**What the exercise asks**
From the entries below, gather each line containing the word "Fitted".
*** Input data
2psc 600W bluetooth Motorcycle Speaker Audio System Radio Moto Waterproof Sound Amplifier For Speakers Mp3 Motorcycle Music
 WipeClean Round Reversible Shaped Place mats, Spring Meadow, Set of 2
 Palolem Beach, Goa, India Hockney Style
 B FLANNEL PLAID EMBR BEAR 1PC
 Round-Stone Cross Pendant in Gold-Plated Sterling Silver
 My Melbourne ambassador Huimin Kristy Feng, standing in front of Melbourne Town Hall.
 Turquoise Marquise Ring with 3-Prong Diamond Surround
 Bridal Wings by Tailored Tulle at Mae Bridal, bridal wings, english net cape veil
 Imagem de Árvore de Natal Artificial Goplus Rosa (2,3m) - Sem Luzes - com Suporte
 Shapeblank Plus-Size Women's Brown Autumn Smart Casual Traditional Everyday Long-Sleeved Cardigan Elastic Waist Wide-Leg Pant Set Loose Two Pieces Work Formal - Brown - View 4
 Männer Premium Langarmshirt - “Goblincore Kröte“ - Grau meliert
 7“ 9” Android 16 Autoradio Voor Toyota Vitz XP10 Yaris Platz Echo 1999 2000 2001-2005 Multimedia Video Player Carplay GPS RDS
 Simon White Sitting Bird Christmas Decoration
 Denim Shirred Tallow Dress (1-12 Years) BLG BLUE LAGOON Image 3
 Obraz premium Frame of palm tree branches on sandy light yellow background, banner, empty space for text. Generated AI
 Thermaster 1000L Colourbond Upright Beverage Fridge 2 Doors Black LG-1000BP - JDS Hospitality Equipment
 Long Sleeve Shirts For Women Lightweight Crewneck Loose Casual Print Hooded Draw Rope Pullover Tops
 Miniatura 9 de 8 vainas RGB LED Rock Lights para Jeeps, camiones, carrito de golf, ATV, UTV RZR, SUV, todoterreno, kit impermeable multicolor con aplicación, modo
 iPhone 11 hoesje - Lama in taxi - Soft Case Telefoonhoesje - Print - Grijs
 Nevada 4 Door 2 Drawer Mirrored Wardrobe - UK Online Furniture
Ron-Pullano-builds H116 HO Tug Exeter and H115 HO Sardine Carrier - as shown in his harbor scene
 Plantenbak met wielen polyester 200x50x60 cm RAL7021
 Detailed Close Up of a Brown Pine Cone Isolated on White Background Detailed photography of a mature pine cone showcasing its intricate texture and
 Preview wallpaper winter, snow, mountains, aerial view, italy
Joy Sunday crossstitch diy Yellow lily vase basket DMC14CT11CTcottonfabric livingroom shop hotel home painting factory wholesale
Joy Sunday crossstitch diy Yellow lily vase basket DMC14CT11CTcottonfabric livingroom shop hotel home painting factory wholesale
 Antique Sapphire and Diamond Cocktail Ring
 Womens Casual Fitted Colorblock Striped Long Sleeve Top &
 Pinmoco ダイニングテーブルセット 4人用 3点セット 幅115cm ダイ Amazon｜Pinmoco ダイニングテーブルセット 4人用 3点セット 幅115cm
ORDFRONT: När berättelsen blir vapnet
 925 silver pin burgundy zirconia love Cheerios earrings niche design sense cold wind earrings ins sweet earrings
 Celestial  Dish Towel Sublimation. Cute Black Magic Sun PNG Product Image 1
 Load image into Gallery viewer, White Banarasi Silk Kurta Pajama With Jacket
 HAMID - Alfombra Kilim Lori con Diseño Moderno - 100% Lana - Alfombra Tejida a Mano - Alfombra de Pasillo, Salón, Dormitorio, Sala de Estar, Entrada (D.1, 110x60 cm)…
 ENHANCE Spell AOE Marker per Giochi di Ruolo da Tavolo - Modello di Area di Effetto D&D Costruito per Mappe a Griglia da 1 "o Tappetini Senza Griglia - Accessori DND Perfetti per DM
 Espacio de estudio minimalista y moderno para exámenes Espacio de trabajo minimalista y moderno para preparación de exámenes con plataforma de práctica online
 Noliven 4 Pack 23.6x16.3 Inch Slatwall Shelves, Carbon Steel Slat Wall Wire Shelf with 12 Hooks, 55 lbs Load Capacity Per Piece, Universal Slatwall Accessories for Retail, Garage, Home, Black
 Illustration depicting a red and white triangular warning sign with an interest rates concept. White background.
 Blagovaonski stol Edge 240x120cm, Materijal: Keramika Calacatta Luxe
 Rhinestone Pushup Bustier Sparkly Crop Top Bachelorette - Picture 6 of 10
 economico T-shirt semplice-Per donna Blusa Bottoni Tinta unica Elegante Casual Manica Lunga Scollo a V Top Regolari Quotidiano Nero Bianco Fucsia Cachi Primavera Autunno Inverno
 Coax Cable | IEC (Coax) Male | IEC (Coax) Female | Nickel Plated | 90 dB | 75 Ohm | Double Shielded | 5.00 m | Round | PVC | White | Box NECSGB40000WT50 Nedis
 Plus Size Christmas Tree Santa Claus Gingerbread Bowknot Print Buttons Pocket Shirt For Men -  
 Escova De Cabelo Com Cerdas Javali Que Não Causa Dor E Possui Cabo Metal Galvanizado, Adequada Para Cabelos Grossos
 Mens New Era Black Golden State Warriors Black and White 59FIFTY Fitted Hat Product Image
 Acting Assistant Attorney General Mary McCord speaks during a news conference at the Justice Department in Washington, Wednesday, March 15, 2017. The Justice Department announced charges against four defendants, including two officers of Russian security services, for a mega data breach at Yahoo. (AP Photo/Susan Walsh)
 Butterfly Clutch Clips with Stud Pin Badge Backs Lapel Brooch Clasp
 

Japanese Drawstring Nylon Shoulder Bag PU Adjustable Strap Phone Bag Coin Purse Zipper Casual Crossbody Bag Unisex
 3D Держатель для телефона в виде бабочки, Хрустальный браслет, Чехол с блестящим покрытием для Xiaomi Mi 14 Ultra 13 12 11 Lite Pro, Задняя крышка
******
**Output of the exercise**
 Womens Casual Fitted Colorblock Striped Long Sleeve Top &
 Mens New Era Black Golden State Warriors Black and White 59FIFTY Fitted Hat Product Image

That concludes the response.